I have it easy at Arcen at the moment compared to what someone famous has to deal with, but it's already at the point where I could spend all day, every day, just responding to posts on the forums and still never catch up. My hope is that, perhaps, anyone who is starting to turn resentful can be referred to this post for an explanation. I still respond to about 50+ messages per day, but that no longer covers anywhere near responding to everyone. With luck, as Arcen grows I won't piss too many people off, and I'll keep my sanity, too. With luck.
Lastly: I Am Not Famous
This heading is a pretty obvious statement. I don't think I'm famous. Most people that I meet don't think I'm famous. In fact, I'm a bit embarrassed to tell strangers that I'm a game developer because they've never heard of my work.

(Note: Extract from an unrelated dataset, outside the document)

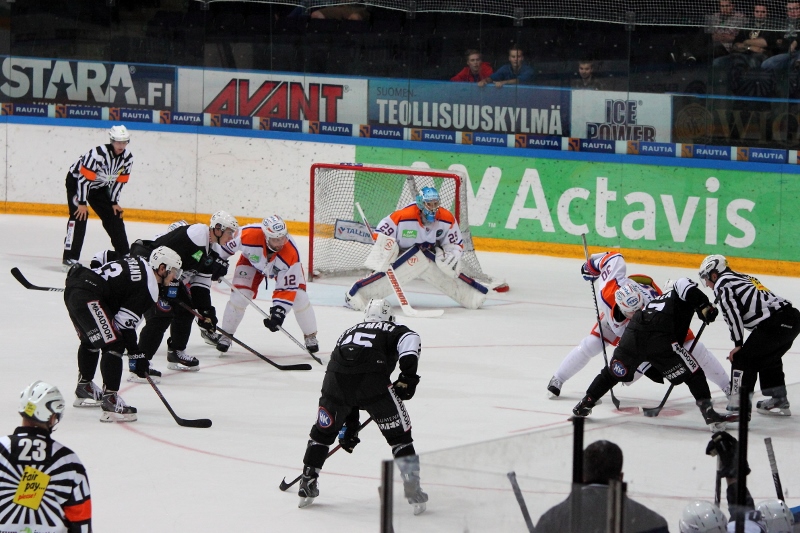 6.9.2013 - (Tappara-TPS)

And yet there are still people out there who, when sending me fan mail, clearly think I'm famous. It's all over the way they write, the exact same patterns of how I wrote to Vic Lee. It took me a while to realize what was going on, honestly, and so I have always simply responded like I would to anyone who gives me a compliment: saying thanks, making whatever comments are appropriate, and so on.
Fortunately, that response seems pretty appropriate, so I'm sticking with it. Better than getting a swelled head. Generously, maybe fifty thousand people think I'm some sort of super mild case of famous. Maybe half a million people have even heard of my games, and most of them still have no idea who I personally am. Most people who meet me from the forums or this blog seem to accept that I'm a regular guy, for which I am grateful.
This whole phenomenon is interesting to me, though. As a kid I thought that there was a very clear line differentiating the mythical famous people from the rest of us. I don't know when everything got so murky. But evidence suggests that's how it's always been.